Consider $$x(t) = \text{rect} \left(\frac{t}{2}-\frac{3}{2}\right)$$
From FT-Table, we know $$\mathcal{F}\big(x(at)\big) = \frac{1}{|a|}X\left(j\frac{\omega}{a}\right)$$ and $$\mathcal{F}\big(x(t-t_0)\big) = X\left(j\omega\right)e^{-j\omega t_0}$$
Now I am confused the FT of the top function should be $$X(j\omega)=2\text{sinc}\left(\frac{\omega}{\pi}\right)e^{-j\omega \frac{3}{2}}$$ or $$X(j\omega)=2\text{sinc}\left(\frac{\omega}{\pi}\right)e^{-j\omega 3}$$
Can anyone please provide me with a strict way to identify the correct answer?

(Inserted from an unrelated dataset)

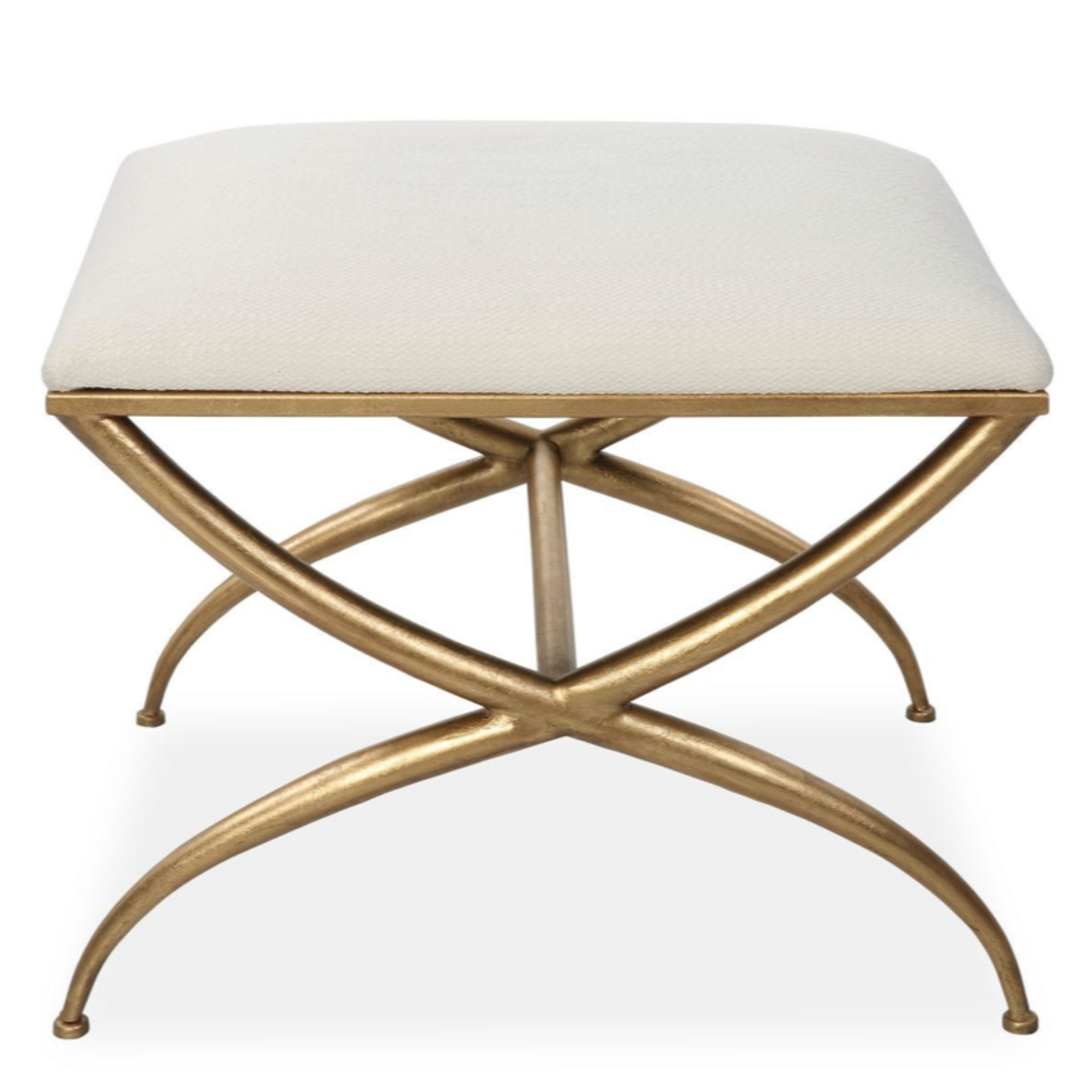 Outside The Box 24x20x18 Crossing White Upholstered Fabric With Antique Gold Frame Bench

By definition, take$$X(\omega)=\int_{-\infty}^{\infty} \operatorname{rect}\left(\frac{t}{\tau}\right) e^{-j \omega t} d t$$ $\text { Since rect }(t / \tau)=1 \text { for }-\tau / 2<t<\tau / 2 \text { and } 0 \text { otherwise, we have } $ $$X(\omega)=\int_{-\tau / 2}^{\tau / 2} e^{-j \omega t} d t=-\frac{1}{j \omega}\left(e^{-j \omega r / 2}-e^{j \omega r / 2}\right)=\frac{2 \sin \left(\frac{\omega \tau}{2}\right)}{\omega}=\tau \frac{\sin \left(\frac{\omega \tau}{2}\right)}{\left(\frac{\omega \tau}{2}\right)}=\tau \operatorname{sinc}\left(\frac{\omega \tau}{2}\right).$$ We take $\tau=2$, thus $X(\omega)=2\text{sinc}(\omega).$ Subsequently, the translation rule you give us $$ 2\text{sinc}(\omega)e^{- 3j \omega },$$ since we translate by 3. You take another definition of rect that gives us the $1/\pi$?
Also:
I presume $X=\mathcal F(x),$ so be aware the transformation rules read $$\mathcal F(f(at))=\frac1{|a|}\hat f(\frac \omega{|a|})$$ and $$\mathcal F(f(t-t_0))= \hat f(\omega )e^{-jt_0\omega},$$ where $\hat f=\mathcal F(f)$, thus the complex number $j$ is not within $f$.